Chegando o dia aprazado, Santa Clara saiu do mosteiro com uma companheira, e, acompanhada pelos companheiros de São Francisco, chegou a Santa Maria dos Anjos e saudou devotamente a Virgem Maria diante do altar onde fora tonsurada e velada; assim a conduziram a ver o convento até a hora do jantar. E nesse tempo São Francisco mandou pôr a mesa sobre a terra nua como de costume. E chegada a hora de jantar, sentaram-se São Francisco e Santa Clara, juntos, e um dos companheiros de São Francisco com a companheira de Santa Clara, e depois todos os companheiros de São Francisco se acomodaram humildemente à mesa.

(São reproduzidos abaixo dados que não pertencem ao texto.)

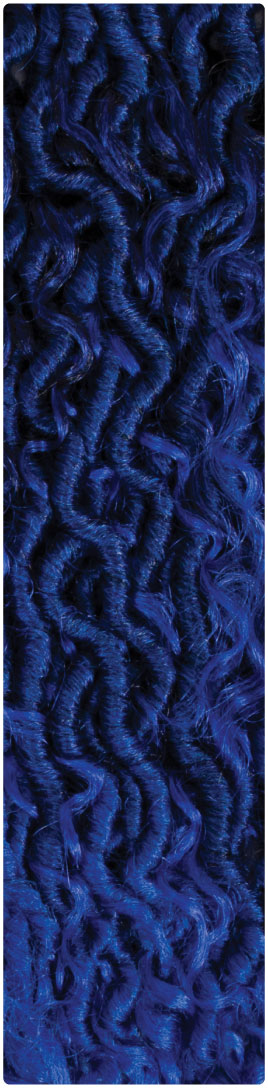T1B/N.Blue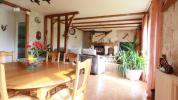 Acheter Maison Yvetot 210000 euros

Como primeira vianda São Francisco começou a falar de Deus tão suave, tão clara, tão maravilhosamente que, descendo sobre eles a abundância da graça divina, ficaram todos arrebatados em Deus. E estando assim arrebatados, com os olhos e as mãos levantados para o céu, os homens de Assis e de Betona e os da região circunvizinha viram que Santa Maria dos Anjos e todo o convento e a selva, que havia então ao lado do convento, ardiam inteiramente; e parecia que fosse um grande incêndio que ocupasse a igreja, o convento e a selva, ao mesmo tempo. Pelo que os assisienses com grande pressa correram para ali, crendo firmemente que tudo estava ardendo.

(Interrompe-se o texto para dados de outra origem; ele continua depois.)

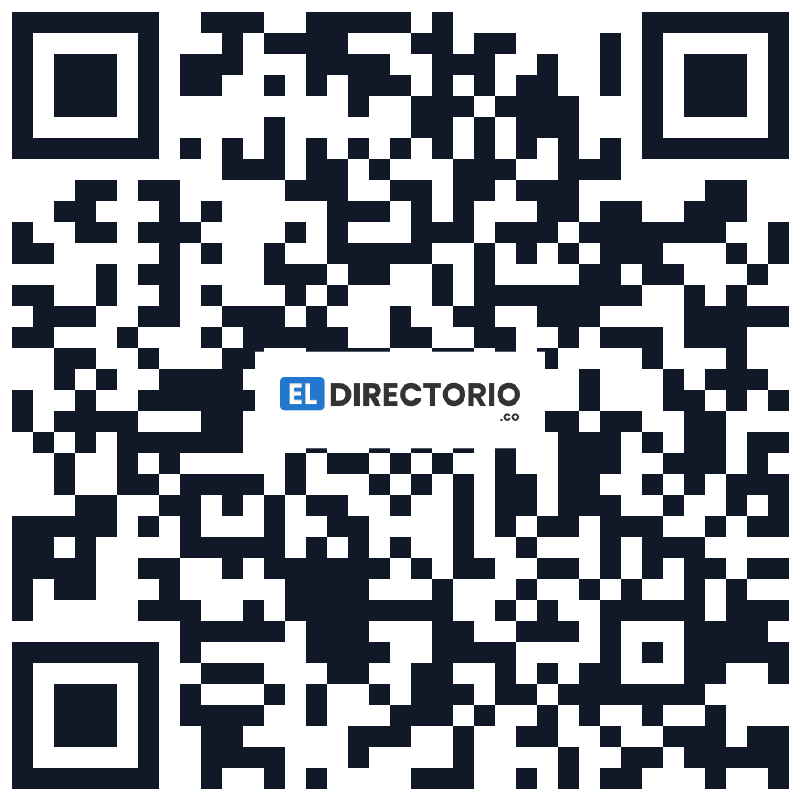 vCard Empresa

Mas, chegando ao convento e não encontrando nada queimado, entraram dentro e acharam São Francisco com Santa Clara e com toda a sua companhia arrebatados em Deus em contemplação e assentados ao redor desta humilde mesa. Pelo que compreenderam ter sido aquilo fogo divino e não material, o qual Deus tinha feito aparecer miraculosamente para demonstrar e significar o fogo do divino amor no qual ardiam as almas daqueles santos frades e santas monjas; de onde voltaram com grande consolação em seus corações e com santa edificação. (...)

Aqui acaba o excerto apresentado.